INPUT DATA:
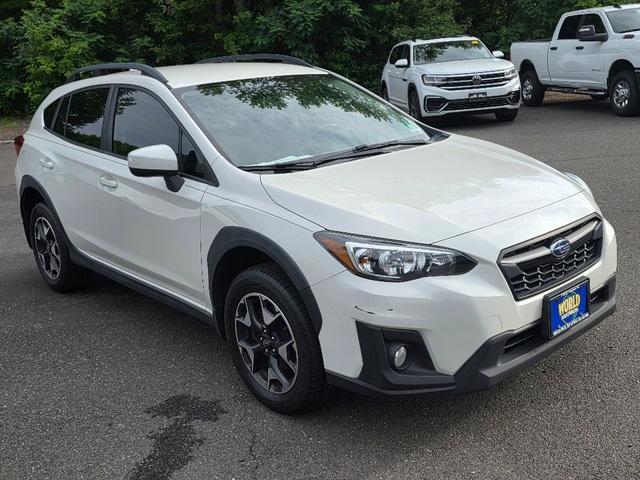 used 2019 Subaru Crosstrek car, priced at $13,995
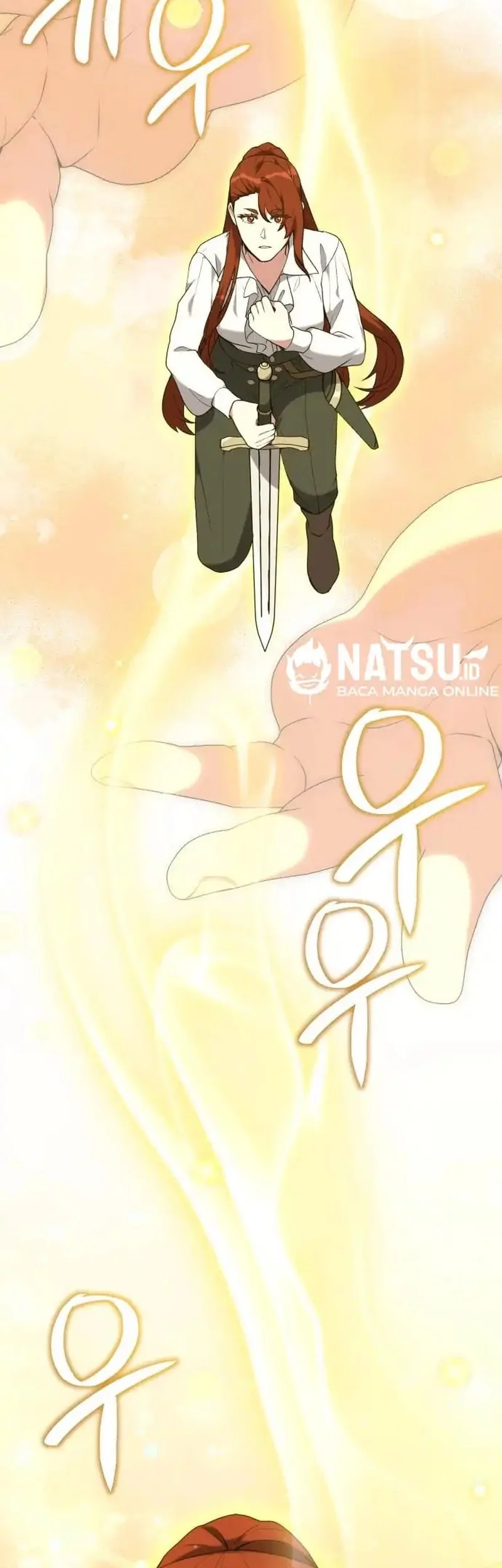 Hunter World’s Gardener Chapter 84 Gambar 35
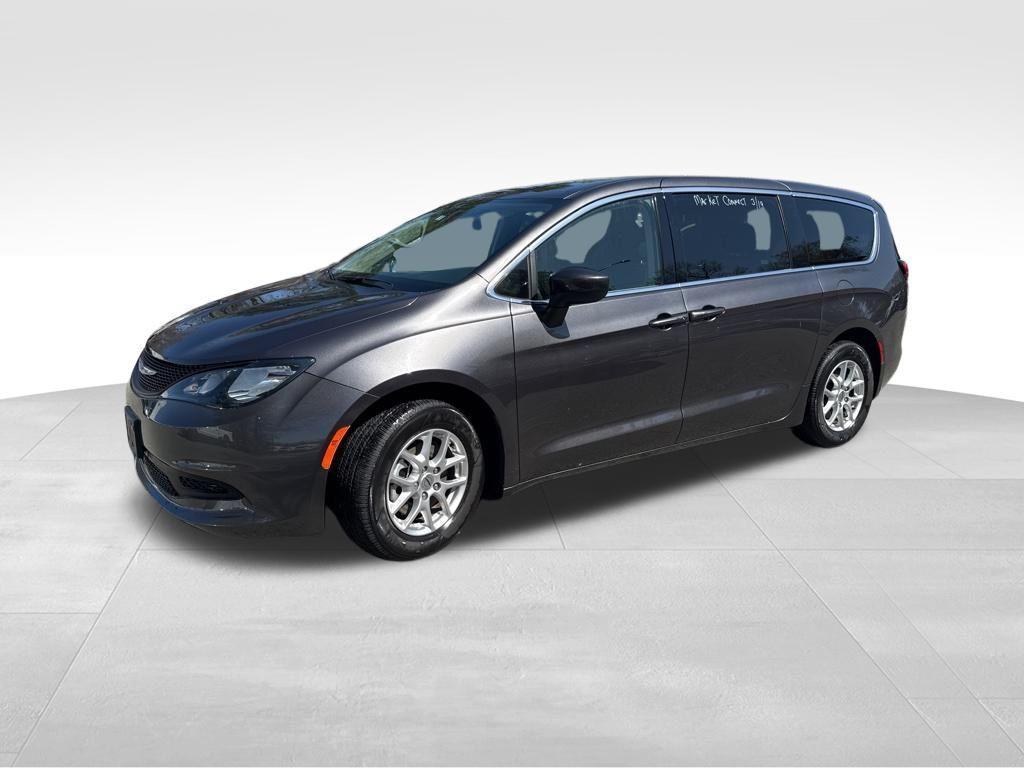 used 2023 Chrysler Voyager car, priced at $20,479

EXERCISE OBJECTIVE:
Once the pictures are removed, copy the material above exactly.

RESPONSE FOR THIS EXERCISE:
 used 2019 Subaru Crosstrek car, priced at $13,995
 Hunter World’s Gardener Chapter 84 Gambar 35
 used 2023 Chrysler Voyager car, priced at $20,479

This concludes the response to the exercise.